Problem statement =>
Would you copy out each line of the records below that includes the word "Street"?

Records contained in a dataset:
★ ★ ★

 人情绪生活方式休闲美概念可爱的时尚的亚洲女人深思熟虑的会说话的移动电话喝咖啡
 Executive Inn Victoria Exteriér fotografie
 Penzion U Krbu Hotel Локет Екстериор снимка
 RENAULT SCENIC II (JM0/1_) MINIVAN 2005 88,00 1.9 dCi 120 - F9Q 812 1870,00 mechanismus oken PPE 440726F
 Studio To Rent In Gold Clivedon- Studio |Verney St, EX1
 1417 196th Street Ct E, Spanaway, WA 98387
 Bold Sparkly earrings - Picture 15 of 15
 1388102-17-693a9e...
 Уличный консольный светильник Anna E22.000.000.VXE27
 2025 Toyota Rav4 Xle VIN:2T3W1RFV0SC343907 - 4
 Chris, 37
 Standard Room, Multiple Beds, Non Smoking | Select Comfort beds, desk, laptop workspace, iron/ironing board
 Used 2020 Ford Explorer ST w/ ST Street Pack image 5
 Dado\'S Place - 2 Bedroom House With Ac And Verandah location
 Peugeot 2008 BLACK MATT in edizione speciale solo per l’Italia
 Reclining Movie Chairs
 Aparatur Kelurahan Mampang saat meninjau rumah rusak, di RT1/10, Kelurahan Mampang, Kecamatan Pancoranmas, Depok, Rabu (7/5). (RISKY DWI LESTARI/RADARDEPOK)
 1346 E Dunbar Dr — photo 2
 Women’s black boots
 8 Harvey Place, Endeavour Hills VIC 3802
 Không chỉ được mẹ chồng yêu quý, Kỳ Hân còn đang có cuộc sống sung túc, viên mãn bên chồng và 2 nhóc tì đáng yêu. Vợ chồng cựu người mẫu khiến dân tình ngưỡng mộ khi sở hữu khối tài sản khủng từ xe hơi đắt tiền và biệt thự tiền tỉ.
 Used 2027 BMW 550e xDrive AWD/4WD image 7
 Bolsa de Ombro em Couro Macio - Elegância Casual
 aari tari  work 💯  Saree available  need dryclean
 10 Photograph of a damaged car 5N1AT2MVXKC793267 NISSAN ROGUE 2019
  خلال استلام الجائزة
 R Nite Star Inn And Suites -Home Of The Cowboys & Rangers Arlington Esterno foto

★ ★ ★

Solution below =>
 1417 196th Street Ct E, Spanaway, WA 98387
 Used 2020 Ford Explorer ST w/ ST Street Pack image 5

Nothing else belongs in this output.